The punishment is self-imposed; six false starts by the offense left him no choice. Garoppolo called over left tackle Joe Staley during the third team period and informed him they would all be staying late.

So thirty-some 49ers players surround the quarterback in the black No. 10 jersey, long after the defense has gone inside, tuning their ears to the Chicago accent piercing the late-afternoon breeze. Garoppolo announces a play, then the corresponding cadence, a code of numbers and colors that refers to either a specific command or, well, nothing at all. Tense in their stances, the guys are waiting to hear their QB bark the word that means “go.”

It’s a pretty good approximation of what the rest of the Bay Area has been doing since the trade that shocked the NFL: hanging on every last thing Garoppolo does. Has there ever been so much hype surrounding a team coming off a 10-loss season? Has there ever been a veteran passer with seven starts to his name who’s carried greater expectations?

Right now, Garoppolo is just trying to make sure every offensive player is used to his cadence—he hasn’t even been here a full calendar year, after all. It’s tedious work, running through infinite combos of the same words. But for these 20 minutes, Garoppolo gets to control the tempo.

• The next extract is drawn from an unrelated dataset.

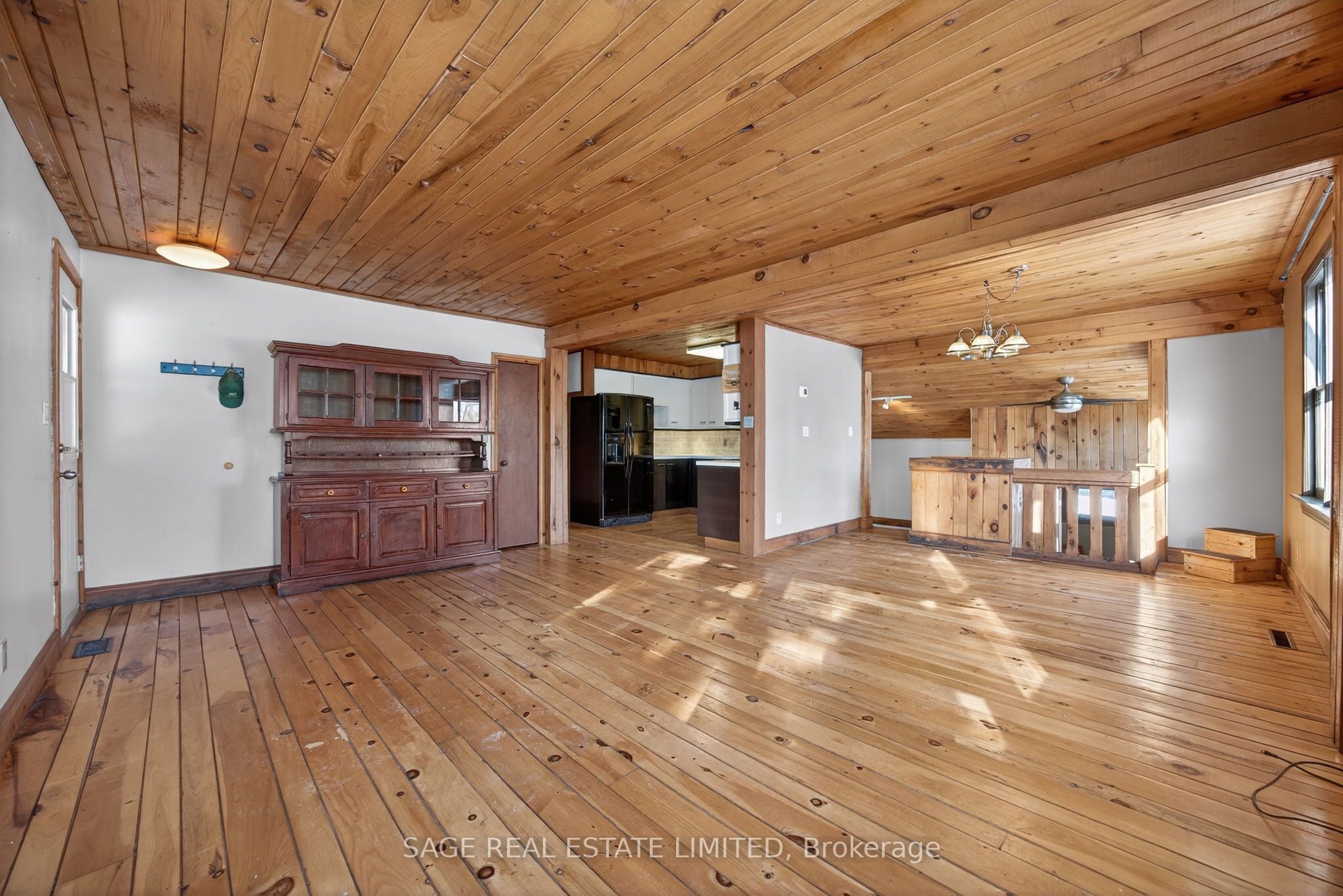 Additional image 6 of 877430 5 Line N/a E, Mulmur, ON, L0M 1M0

Ever since he left his Foxboro apartment at 5 a.m. last Halloween and boarded a plane to northern California, Garoppolo has been living in a sort of time warp. He was transported, in just a few short months, from being Tom Brady’s rarely used backup to being the highest-paid player in the NFL (for five weeks, at least). In this new world, a sloppy mid-summer practice is now a headline, and never mind the two banners that adorn one corner of Levi’s Stadium. Printed on one, under a photo of Hall of Famer Joe Montana, are the words “FAITHFUL THEN.” On the other, under a photo of Garoppolo: “FAITHFUL NOW.” No pressure, Jimmy.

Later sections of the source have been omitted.